Themenläden und andere Clubs: Rectal Superstar
■ Kunst, die bewegt: Biggy van Blond legt randgruppenrelevante Schallplatten auf
Seit kurzem gehe ich einmal die Woche in den Club Goldmine. Jeden Donnerstag findet dort einer dieser randgruppenrelevanten Abende statt, und die Veranstalter haben sich dafür den viel versprechenden Namen „Chantals House Of Shame“ ausgedacht.
Neulich sah der Freund eines Freundes dort den Auftritt der Drag Queen Krylon Superstar. Sie stand auf der Bühne, stammelte „Sorry, sorry!“, nahm sich dann zwei erntefrische Maiskolben und führte sie ein – anal, gleichzeitig, parallel gewissermaßen und einfach so. Anschließend flog Popcorn aus ihrem Mund.
Der Überlieferung zufolge reagierte das Publikum entsetzt, betroffen, manche senkten betreten den Blick. Der Freund des Freundes war immer noch ganz atemlos. Er sagte: „Also wirklich!“ Und ich fragte: „Popcorn?“ Und er sagte: „Genau!“ Und ich dachte: „Kunst, die bewegt!“ Tage später machte ich mich auf den Weg. Ins Haus der Schande. Am Eingang begrüßte mich eine freundliche Drag Queen mit schiefer Langhaarperücke und knöpfte mir etwas Kleingeld ab. Der Club Goldmine sieht aus wie die Sechzigerjahre in einem Austin-Powers-Film, die Möbel sind vor allem bunt. Obwohl es noch früh war, war der Laden bereits gut besucht. Ich setzte mich an die Theke und bestellte mir eine Cola.
Der Barmann nahm sich ein Glas, schaufelte es vor meinen Augen randvoll mit Eis und füllte es auf mit dem gewünschten Getränk. Nur ganz vorsichtig nahm ich einen Schluck, doch schon war das Glas leer. Also stellte ich es zurück auf den Tresen.

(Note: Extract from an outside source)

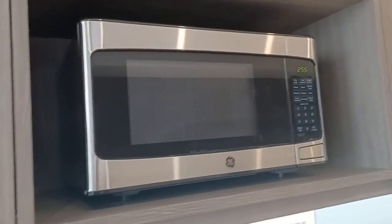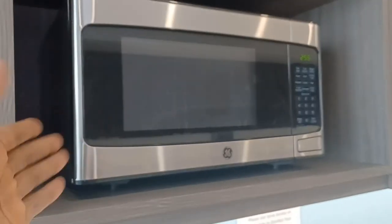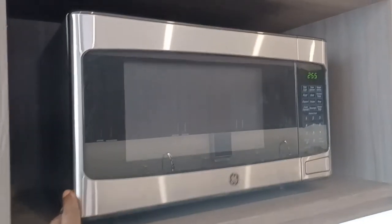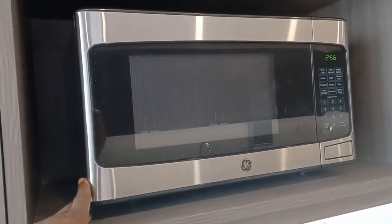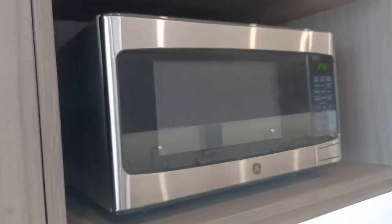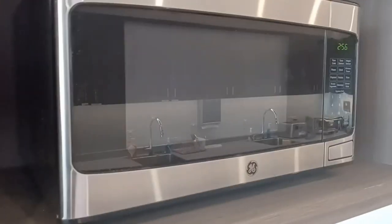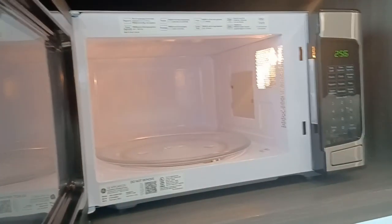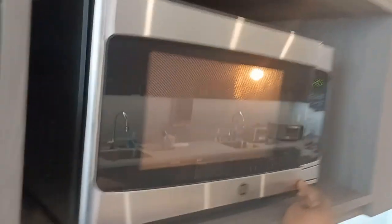Hello, I'm here with Top Tier Reviews, and today I'll be reviewing the JES1145SHSS Countertop Microwave by GE. I've been using this microwave for probably around seven months now, and I've gotten a lot of use out of it. It's a really good size for pretty much anything you want to put inside of there — it's 15 inches deep, 20 inches wide, and 12 inches high, so it's perfect for all kinds of various meals.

Das leere Glas voller Eiswürfel sah irgendwie komisch aus, so wie ein Mahnmal gegen übermäßigen Durst. Ich fühlte mich seltsam schuldig und bewegte ich mich dann eine Etage tiefer. Unten sah man jemanden tanzen, andere warteten. Ich wartete auch. Auf Krylon, auf Popcorn, darauf, dass etwas passiert. Doch an diesem Abend sollte nur Biggy van Blond ihre Platten auflegen.

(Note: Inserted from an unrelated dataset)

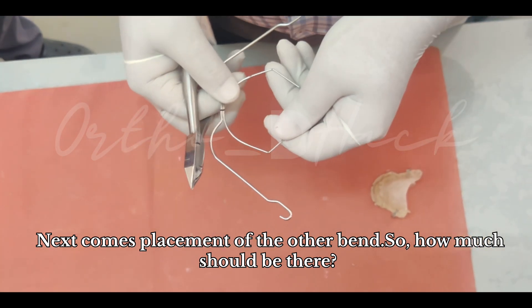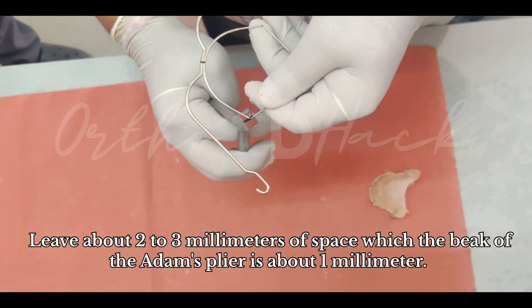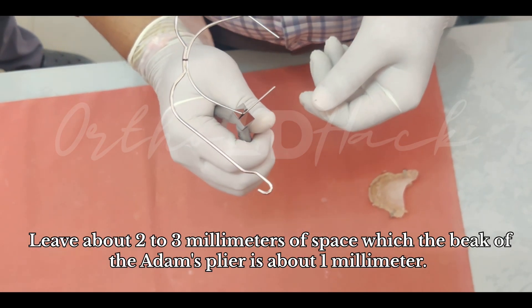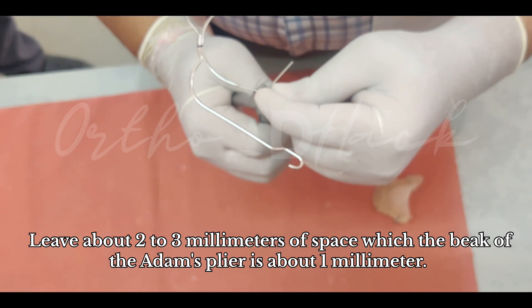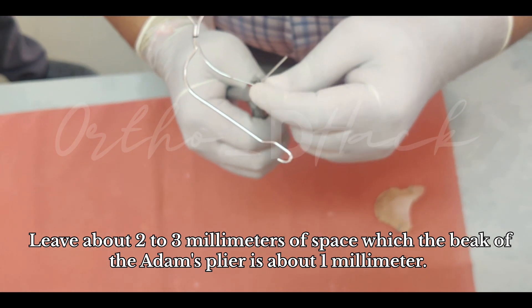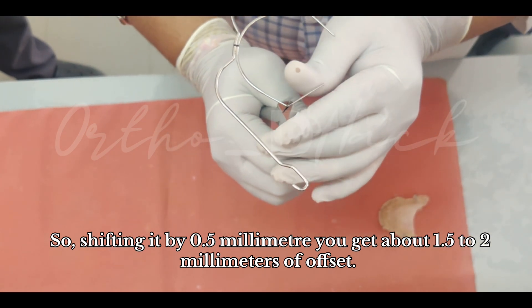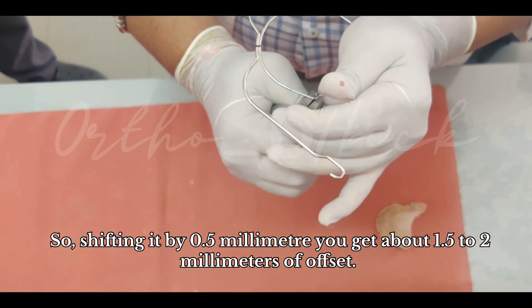Next comes placement of the stop bend. Leave about two to three millimeters of space. The beak of the Adams plier is about one millimeter, so shifting it by half will give about one and a half to two millimeters of offset.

Ich kannte Biggy van Blond als Briefkastentante eines Monatsmagazins. Ich kannte Biggy van Blond auch aus dem Fernsehen. Ich sah sie in einer Sendung auf TV.Berlin Zuschauerfragen beantworten und dabei neben Molly Luft sitzen, der dicksten Hure Berlins. Bei der Eröffnung von Nike-Town sah ich Biggy van Blond sogar die Treppe herunterfallen. Ich wusste nicht, dass sie auch als DJane arbeitet. Mitunter griff sie zum Mikrofon, sie hatte die Angewohnheit, ihre Platten „lustig“ anzusagen.
Diese Platten hatte ich schon tausend Mal gehört. Ich glaube, dass es irgendwo in der Stadt einen Verleih für DJ-Bedarf gibt, wo man sich fertig gepackte Plattenkisten für schwule Tanzveranstaltungen besorgen kann. Das Gay-Fun-Party-Komplettpaket, gegen Aufschlag auch mit Schlager-Zusatz. Darin findet man das Gesamtwerk von Donna Summer und Gloria Gaynor, etwas von Cher und Divine sowie einschlägige DiscoHouse-Tracks, die immer „Finally“ oder „Respect Me“ heißen. Immer. Bestürzt hat mir eine Freundin berichtet, dass bei Lesbenabenden ausschließlich Aretha Franklin gespielt wird. Ich glaubte ihr sofort.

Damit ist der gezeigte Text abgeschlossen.